When arrested in Phoenix, Blackmore was on probation and bond for a related distribution case handled by the Mancos Marshal’s Office. Investigators found more than 140 fentanyl pills, Galarza said.

“I want to emphasize to the public that the Montezuma-Cortez Narcotics Team is increasing its efforts to go after individuals distributing narcotics in order to combat this dangerous problem,” Galarza said Monday in response to the conviction and sentence.

Fentanyl is a synthetic opioid that is 80 to 100 times stronger than morphine. It was originally manufactured by the pharmaceutical industry for pain management of cancer patients. Because of its potency and addictiveness, it is easy to abuse and has been illegally produced to sell in the drug trade.

The DEA and U.S. Department of Health have issued public warnings about fentanyl because of the risk of fatal overdoses. Fentanyl often is disguised in the illegal drug trade as other less potent pharmaceutical products such as OxyContin, Xanax and Percocet pills.

According to the DEA, fentanyl and other synthetic opioids are among the deadliest drug threats in the U.S.

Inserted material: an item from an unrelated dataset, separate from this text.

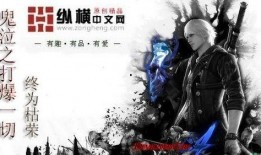 鬼泣最新爆料吧小说,暗影降临，复仇之焰再燃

The Centers for Disease Control and Prevention reports that 107,622 Americans died of drug overdoses in 2021 and 66% of them were related to synthetic opioids such as fentanyl. Only 2 milligrams of fentanyl is considered a potentially lethal dose, and it’s particularly dangerous for someone who does not have a tolerance to opioids.

A combination of fentanyl and alcohol led to the fatal overdoses of three people March 4 at the Sand Canyon National 9 Inn in Cortez.